Richard Bellamy joined UCL in October 2005 as the first Professor of Political Science, founding Head of the new Department and Director of the School of Public Policy. He was educated at the University of Cambridge and the European University Institute at Florence. After three years as a Post-Doctoral Research Fellow at Nuffield College, Oxford he went on to lectureships at Cambridge and Edinburgh and then to Chairs at the Universities of East Anglia, Reading and Essex. He has held Visiting Fellowships at Nuffield College, Oxford; the EUI in Florence and Australia National University (ANU). He was Academic Director of the European Consortium for Political Research (ECPR) from 2002-2006 and was elected a Fellow of the Royal Society of Arts (FRSA) in 2002 and a member of the Academy of Social Sciences (AcSS) in 2008. Richard is the Founding Chair of the Britain and Ireland Association of Political Thought. Richard's main research interests are in European Social and Political Theory post-1750, Contemporary Analytical Legal and Political Philosophy, Public Ethics, and the application of normative theory to the understanding of citizenship, democracy and constitutionalism in modern societies. He has been a leading figure in the normative study of the European Union and directed a number of prominent ESRC and European Commission research projects in this area. He has written 7 monographs to date, edited or co-edited a further 20 volumes and is the author of over a 100 journal articles and book chapters.
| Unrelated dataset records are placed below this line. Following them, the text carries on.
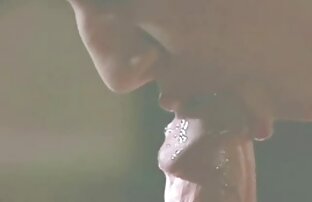 XXX 女性は陰茎に飛び乗り、夫はお尻に指を刺す。 av ビデオ 女性
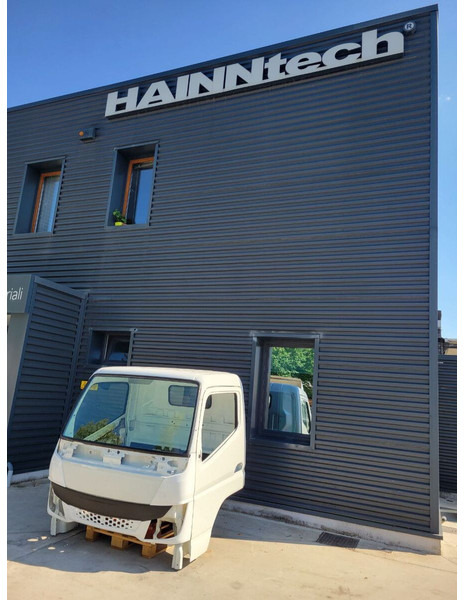 Cabina e interior para Camión Mitsubishi Fuso RHD - S euro 6: foto 12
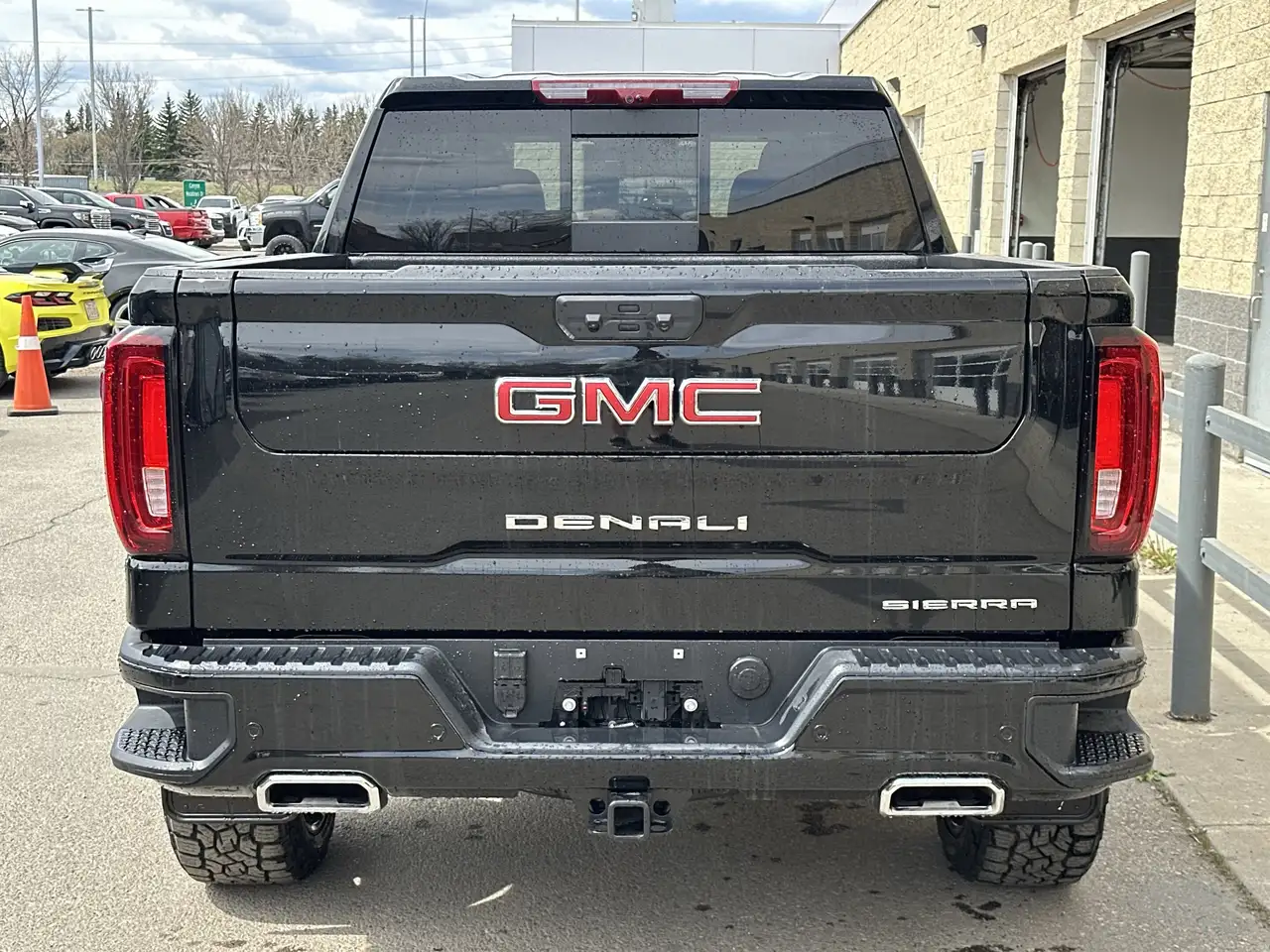 GMC Sierra 1500 снимка GMC Sierra 1500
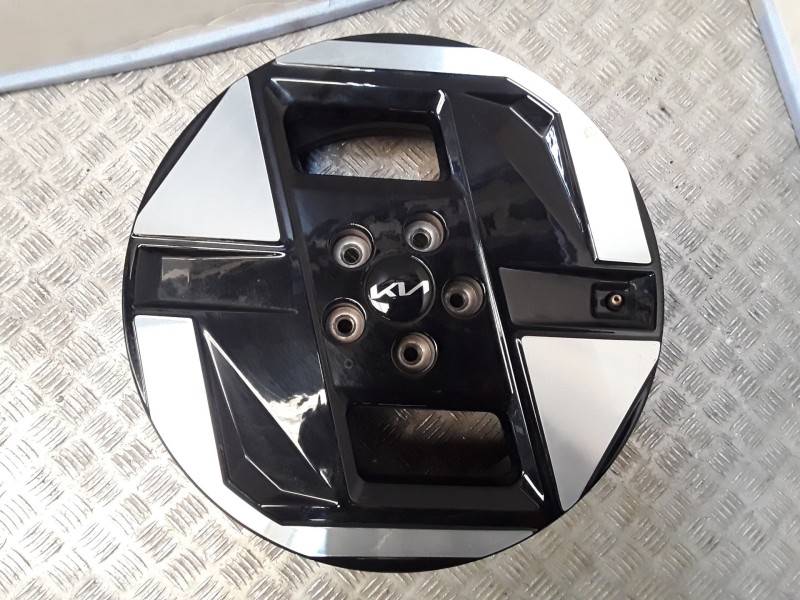 Recambio de llanta aluminio para kia ev3 referencia OEM IAM 7X17 5 TORN ET48 ALUMINIO 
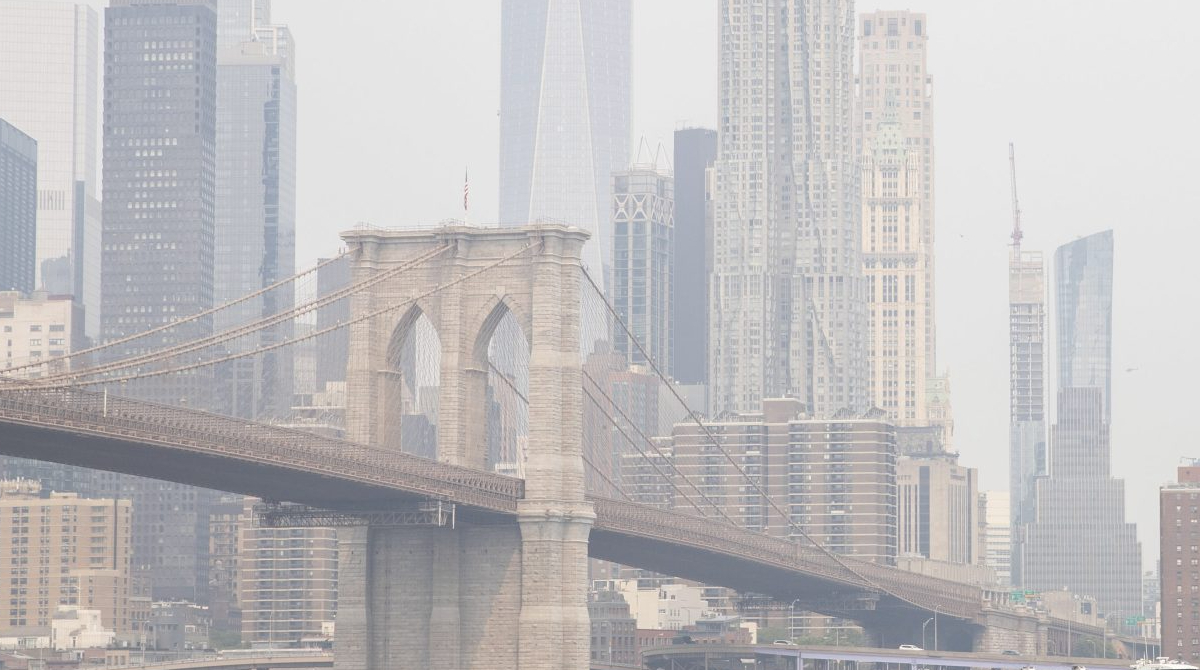 El humo de los incendios de Canadá afecta la vista y ambiente de Nueva York. Foto: EFE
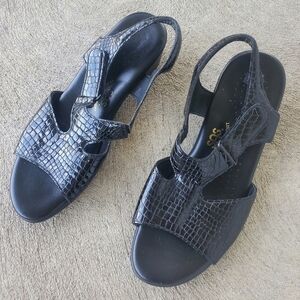 Womens 8.5 M new without tags SAS Black comfort heels wedges suntimer black croc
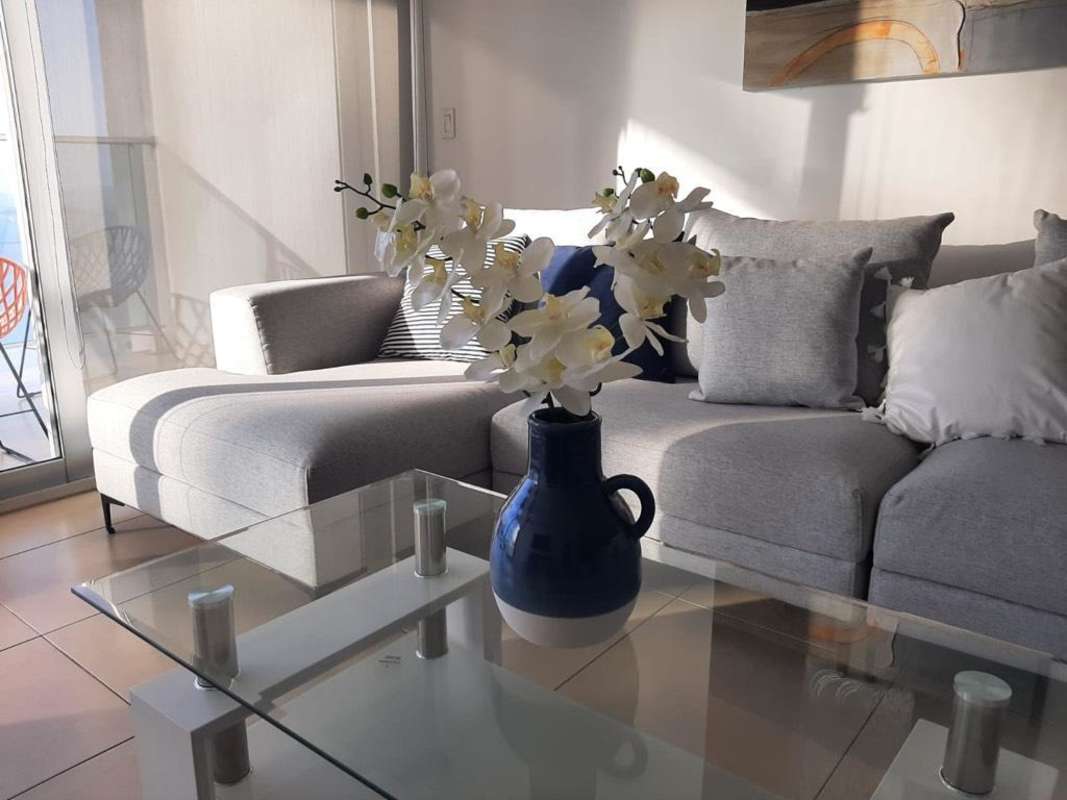 Bright living room furnished with floor-to-ceiling windows and ocean views PH BICSA Avenida Balboa Panama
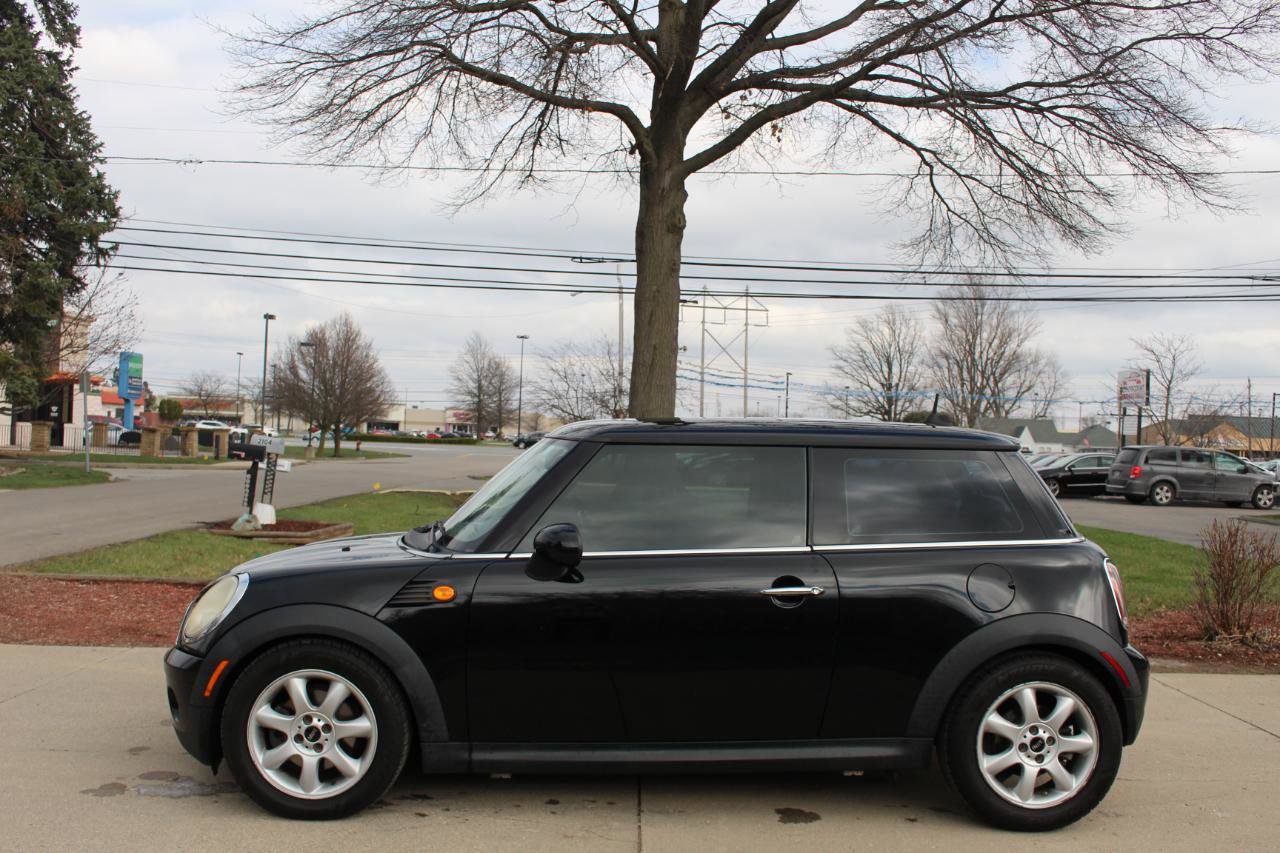 Used 2010 MINI Cooper Hardtop image 6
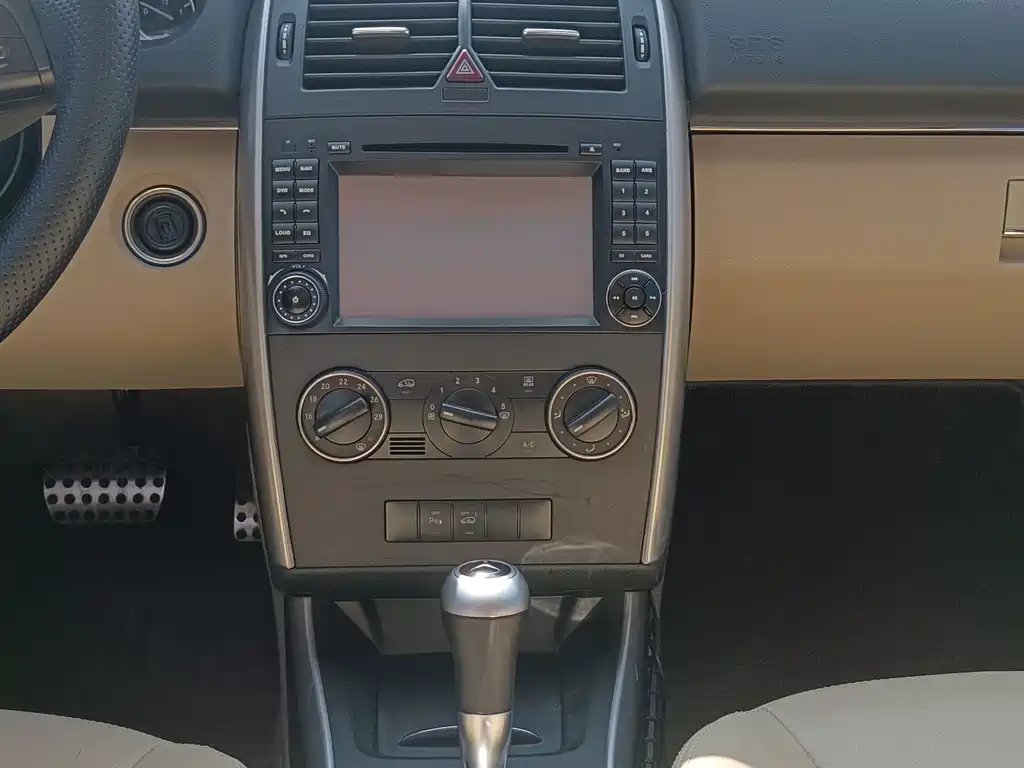 Mercedes-Benz B-Class — миниатюра 13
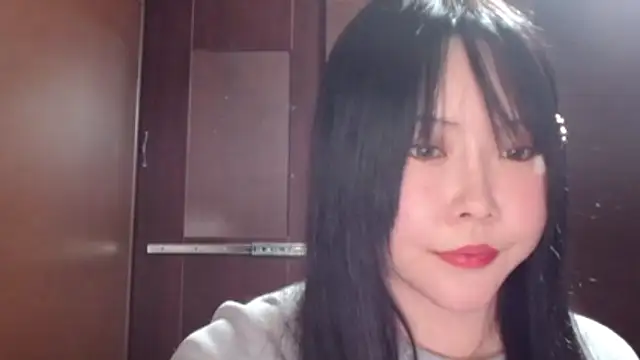 NATINATU252525 online show from 04/19/26, 01:10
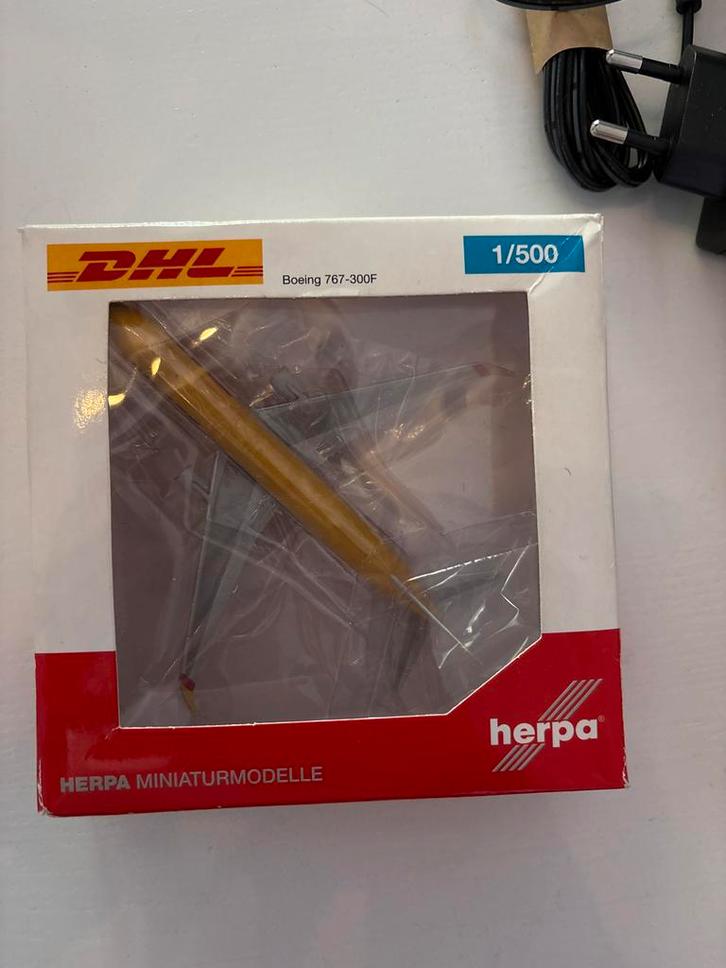 Herpa DHL Boeing 767-300F 1/500, Verzamelen, Luchtvaart en Vliegtuigspotten, Nieuw, Schaalmodel, Ophalen of Verzenden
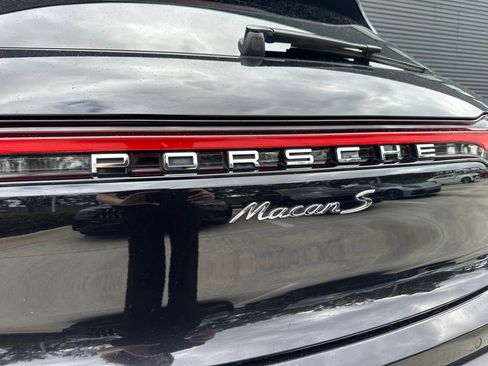Certified 2023 Porsche Macan S AWD/4WD image 14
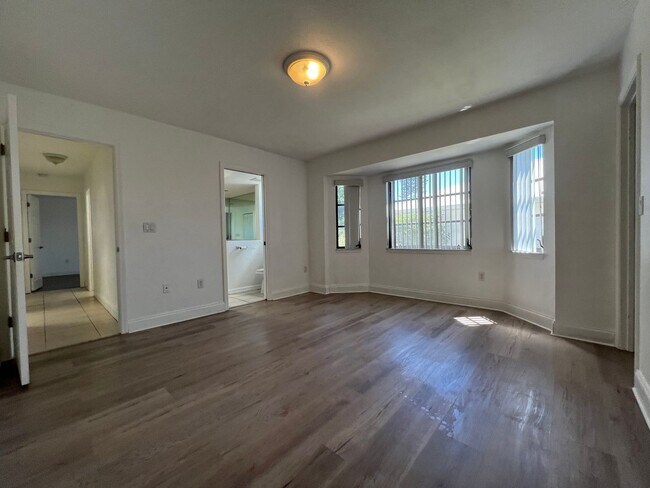 Building Photo - $1,875 ** ANNUAL ** Available 10/15/25 - Newly Renovated ** 3/2 Single Family Home with Oversized...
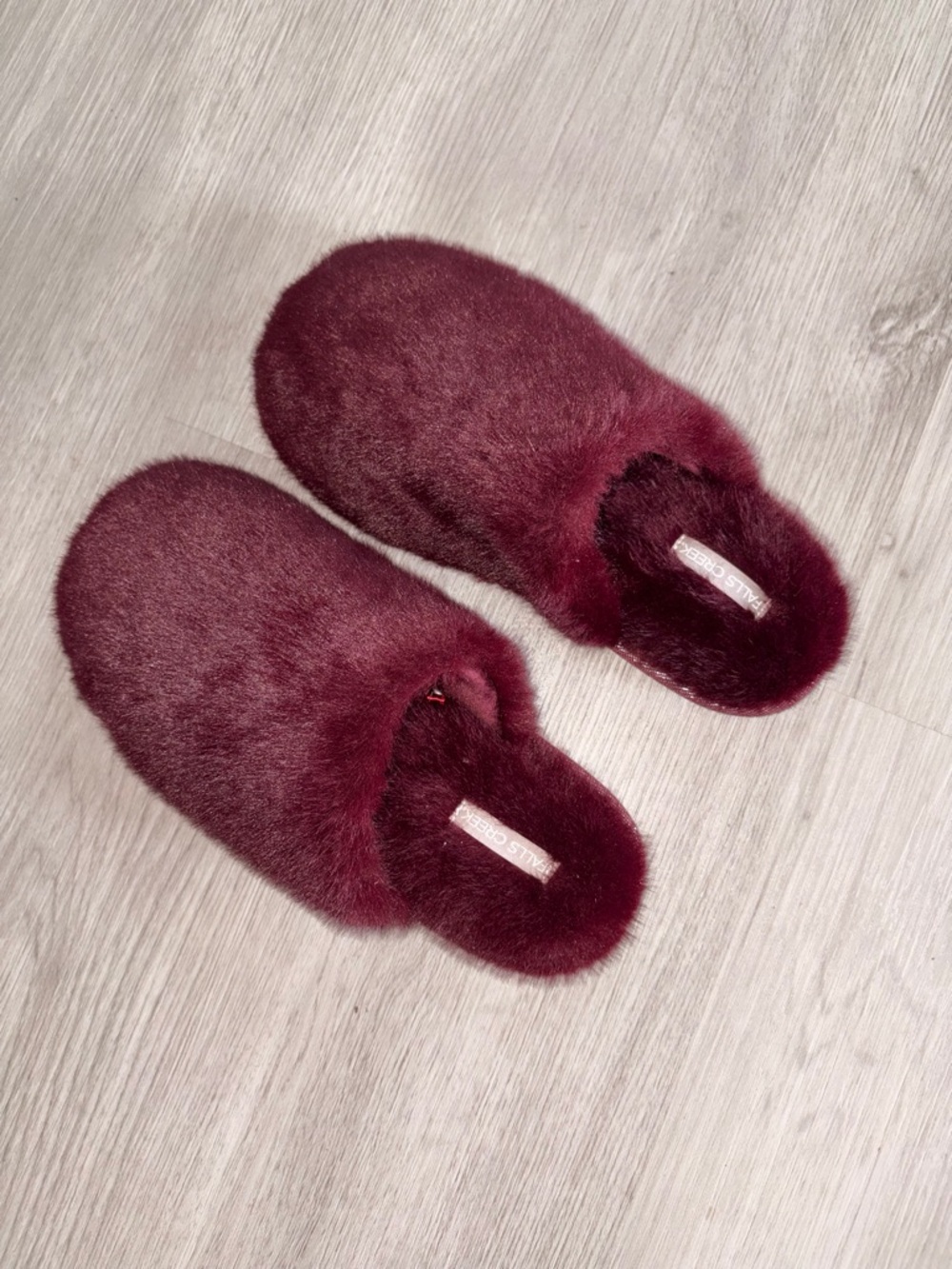 Falls Creek Women's Faux Fur Slip-On Slippers in Burgundy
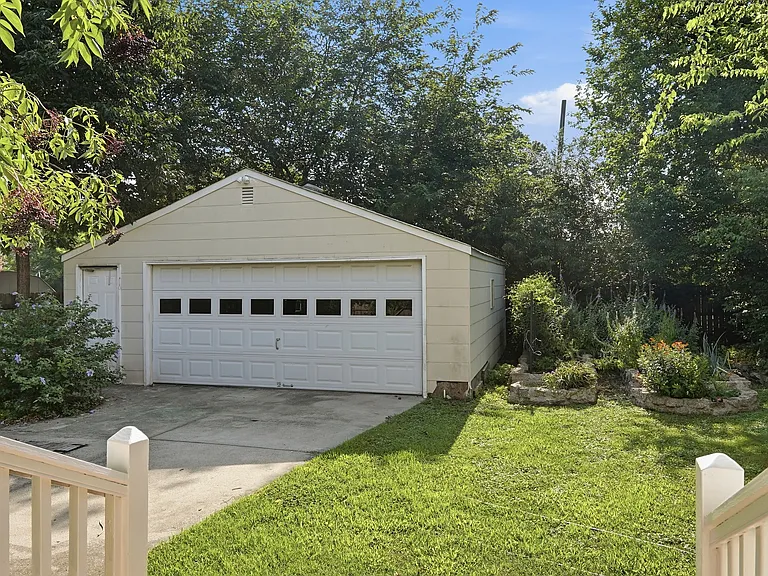 920 Oaklawn Ave — Photo 24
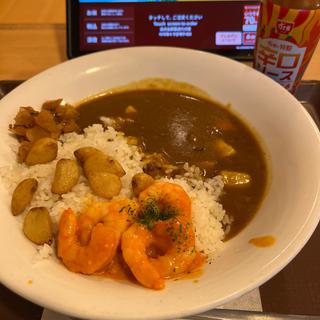 にんにくぷりぷりエビのビスクソースカレー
Anthony Giddens was educated at the University of Hull and the London School of Economics. At the LSE, he wrote a dissertation on 'Sport and Society in Contemporary Britain'. He has taught at the University of Leicester and subsequently at Cambridge, where he was Professor of Sociology. From 1997 to 2003 he was Director of the LSE. He is currently a Life Fellow of King's College, Cambridge. He was made a Life Peer in May 2004. He has honorary degrees from 15 universities. He is a Fellow of the American Academy of Science and the Chinese Academy of Social Sciences. He was the BBC Reith Lecturer in 1999. His books have been translated into some forty languages. He has sat on the board of various public organisations, including the Institute of Public Policy Research. Giddens's impact upon politics has been profound. His advice has been sought by political leaders from Asia, Latin America and Australia, as well as from the US and Europe. He has had a major impact upon the evolution of New Labour in the UK. He took part in the original Blair-Clinton dialogues from 1997 onwards. His latest book is Turbulent and Mighty Continent: What Future for Europe?.

   

Belgian Europe Salons
This event, co-organised by the Belgian Embassy in London and the European Institute of University College London, is the last in our joint series of Belgian Salons on the topic of Europe, before the Ambassadors moves to his new posting in Washington.